Our programmes allow for flexibility and choice; we provide a carefully targeted chemistry core alongside more specialised options to further develop student’s interests.

Chemistry at Mandela offers a three-year BSc course leading to the degree of honours. We also offer a specialized three-year Diploma in Analytical Chemistry (with in-service training being the third year) that leads to Advanced Diploma in Analytical Chemistry. In addition, Diploma in Polymer Technology and Chemical Processing Technology programmes (both 3 years with in-service training inclusive) are offered in the Department. A specialized Honours programme in Formulation Science is also offered within the Department.

National Diploma (Analytical Chemistry)

Students that complete a Diploma in Analytical Chemistry usually find jobs in the chemical industry as chemical analysts, research assistants, laboratory managers, quality control etc.

A qualification with a study duration of three years. The admission requirement is a Senior Certificate, preferably with a Matric exemption, or equivalent qualification. Since the Department can accommodate only a limited number of students, a D higher grade, or higher symbol in Physical Science, Mathematics, and English in your final school year, is a strong recommendation..


Level 1: Mathematics I; Chemistry I; Physics I; Computer Skills; Analytical Chemistry I
Level 2: Analytical Chemistry II, Inorganic Chemistry II, Organic Chemistry II and Physical Chemistry II.

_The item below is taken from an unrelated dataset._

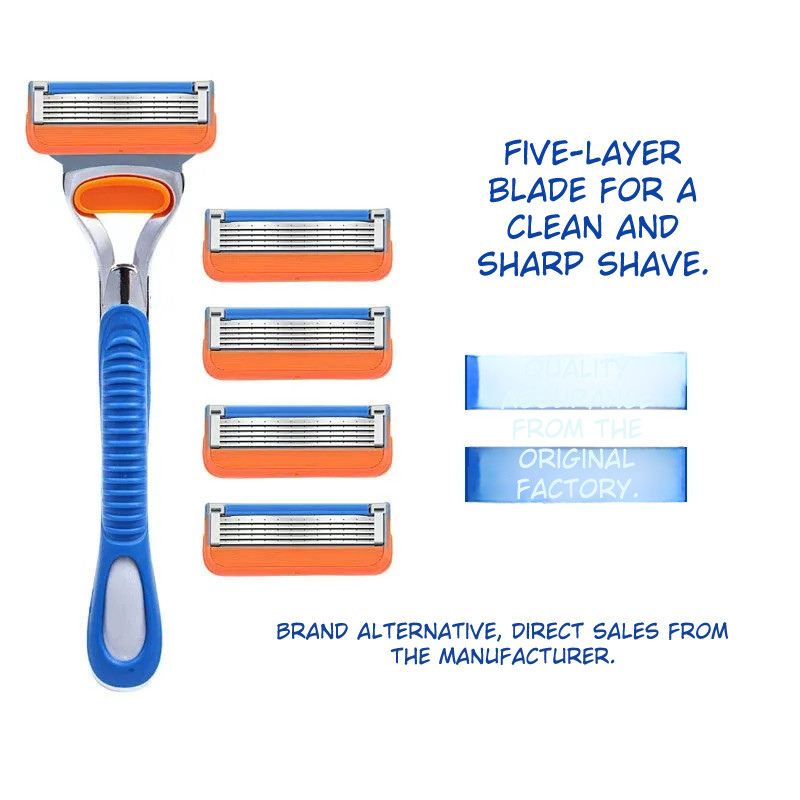 Travel Friendly Five Layer Blade Grip Shaving Razor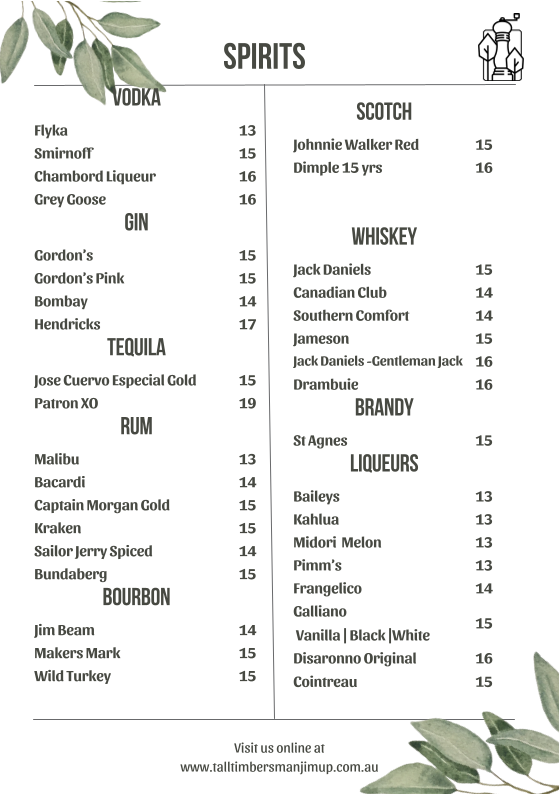 Menu, Tall Timbers Manjimup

Level 3: Analytical Chemistry III, Inorganic Chemistry III, Organic Chemistry III, Physical Chemistry III, Chemical Quality Assurance, and Statistics for Analytical Chemists.


Year in industry. During this year you will work in an industry to gain experience in the working place and to directly apply the knowledge that you gained during the first two years of study.

Students planning to enrol for the Advanced Diploma (Chemistry) may enroll for the following bridging subjects during this year:

Mathematics II


National Diploma (Polymer Technology)

What is Polymer Technology?

Polymer Technology can be described in brief as the manufacture, processing, analysis and application of long chain molecules. Materials that are typically classified as polymers include: plastics, paints, rubber, foams, adhesives, sealants, varnishes and many more. These materials, today, fully control the high technology era we life in to such an extent that it has become impossible to live life as we know now, without these products. Industries that are totally dependent on polymers include information technology, aerospace, music, clothing, medical, motor manufacturing, building, packaging, and many more.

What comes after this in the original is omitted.